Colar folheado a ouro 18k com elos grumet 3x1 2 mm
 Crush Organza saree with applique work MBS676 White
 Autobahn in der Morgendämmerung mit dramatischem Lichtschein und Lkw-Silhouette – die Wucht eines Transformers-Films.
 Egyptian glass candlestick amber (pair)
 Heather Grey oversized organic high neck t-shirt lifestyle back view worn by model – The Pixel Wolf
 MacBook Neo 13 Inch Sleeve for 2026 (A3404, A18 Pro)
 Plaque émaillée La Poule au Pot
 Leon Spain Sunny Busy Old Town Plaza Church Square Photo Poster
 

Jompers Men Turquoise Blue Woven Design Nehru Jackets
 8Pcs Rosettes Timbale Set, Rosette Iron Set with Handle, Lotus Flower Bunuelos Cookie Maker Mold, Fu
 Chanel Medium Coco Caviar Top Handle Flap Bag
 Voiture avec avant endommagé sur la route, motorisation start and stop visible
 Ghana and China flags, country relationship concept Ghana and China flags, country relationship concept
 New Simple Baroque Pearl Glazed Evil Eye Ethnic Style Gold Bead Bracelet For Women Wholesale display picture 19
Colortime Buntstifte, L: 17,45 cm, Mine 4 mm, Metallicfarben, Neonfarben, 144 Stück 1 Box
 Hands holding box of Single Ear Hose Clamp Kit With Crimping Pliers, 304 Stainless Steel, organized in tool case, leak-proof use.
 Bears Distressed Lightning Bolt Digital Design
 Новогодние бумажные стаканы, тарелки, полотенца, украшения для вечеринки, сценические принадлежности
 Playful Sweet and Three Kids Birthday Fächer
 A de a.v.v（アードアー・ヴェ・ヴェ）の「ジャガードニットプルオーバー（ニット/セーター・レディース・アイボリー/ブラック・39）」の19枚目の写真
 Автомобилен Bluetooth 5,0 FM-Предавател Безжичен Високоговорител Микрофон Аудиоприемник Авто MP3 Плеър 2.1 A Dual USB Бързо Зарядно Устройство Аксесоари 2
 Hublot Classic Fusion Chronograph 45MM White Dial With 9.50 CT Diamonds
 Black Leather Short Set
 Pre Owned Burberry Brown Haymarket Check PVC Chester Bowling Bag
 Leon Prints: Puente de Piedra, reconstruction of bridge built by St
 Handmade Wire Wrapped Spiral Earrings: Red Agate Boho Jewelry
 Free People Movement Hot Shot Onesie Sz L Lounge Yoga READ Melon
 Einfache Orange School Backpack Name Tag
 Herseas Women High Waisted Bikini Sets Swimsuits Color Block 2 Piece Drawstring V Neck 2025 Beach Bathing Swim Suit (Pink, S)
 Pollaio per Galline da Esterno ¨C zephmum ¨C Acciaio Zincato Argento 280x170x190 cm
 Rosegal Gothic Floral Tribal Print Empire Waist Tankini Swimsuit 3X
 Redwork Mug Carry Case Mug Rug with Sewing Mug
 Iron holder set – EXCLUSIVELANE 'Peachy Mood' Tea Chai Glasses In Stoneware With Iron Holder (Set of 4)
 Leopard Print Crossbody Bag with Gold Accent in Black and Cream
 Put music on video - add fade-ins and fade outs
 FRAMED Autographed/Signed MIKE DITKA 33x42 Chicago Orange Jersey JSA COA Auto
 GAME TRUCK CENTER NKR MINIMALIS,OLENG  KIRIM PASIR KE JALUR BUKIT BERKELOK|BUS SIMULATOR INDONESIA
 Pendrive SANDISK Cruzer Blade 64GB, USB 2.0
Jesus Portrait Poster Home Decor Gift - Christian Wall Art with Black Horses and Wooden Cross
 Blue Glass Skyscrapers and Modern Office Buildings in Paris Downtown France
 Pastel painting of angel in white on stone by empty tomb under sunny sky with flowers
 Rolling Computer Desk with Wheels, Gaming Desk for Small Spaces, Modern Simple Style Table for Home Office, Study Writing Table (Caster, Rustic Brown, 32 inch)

WORK INSTRUCTIONS: Both the line containing "Новогодние бумажные стаканы, тарелки, полотенца, украшения" and the line containing "GAME TRUCK CENTER" belong in the answer. Print them and every line above that falls between them exactly, and no others.

SOLUTION FOR THIS TASK:
 Новогодние бумажные стаканы, тарелки, полотенца, украшения для вечеринки, сценические принадлежности
 Playful Sweet and Three Kids Birthday Fächer
 A de a.v.v（アードアー・ヴェ・ヴェ）の「ジャガードニットプルオーバー（ニット/セーター・レディース・アイボリー/ブラック・39）」の19枚目の写真
 Автомобилен Bluetooth 5,0 FM-Предавател Безжичен Високоговорител Микрофон Аудиоприемник Авто MP3 Плеър 2.1 A Dual USB Бързо Зарядно Устройство Аксесоари 2
 Hublot Classic Fusion Chronograph 45MM White Dial With 9.50 CT Diamonds
 Black Leather Short Set
 Pre Owned Burberry Brown Haymarket Check PVC Chester Bowling Bag
 Leon Prints: Puente de Piedra, reconstruction of bridge built by St
 Handmade Wire Wrapped Spiral Earrings: Red Agate Boho Jewelry
 Free People Movement Hot Shot Onesie Sz L Lounge Yoga READ Melon
 Einfache Orange School Backpack Name Tag
 Herseas Women High Waisted Bikini Sets Swimsuits Color Block 2 Piece Drawstring V Neck 2025 Beach Bathing Swim Suit (Pink, S)
 Pollaio per Galline da Esterno ¨C zephmum ¨C Acciaio Zincato Argento 280x170x190 cm
 Rosegal Gothic Floral Tribal Print Empire Waist Tankini Swimsuit 3X
 Redwork Mug Carry Case Mug Rug with Sewing Mug
 Iron holder set – EXCLUSIVELANE 'Peachy Mood' Tea Chai Glasses In Stoneware With Iron Holder (Set of 4)
 Leopard Print Crossbody Bag with Gold Accent in Black and Cream
 Put music on video - add fade-ins and fade outs
 FRAMED Autographed/Signed MIKE DITKA 33x42 Chicago Orange Jersey JSA COA Auto
 GAME TRUCK CENTER NKR MINIMALIS,OLENG  KIRIM PASIR KE JALUR BUKIT BERKELOK|BUS SIMULATOR INDONESIA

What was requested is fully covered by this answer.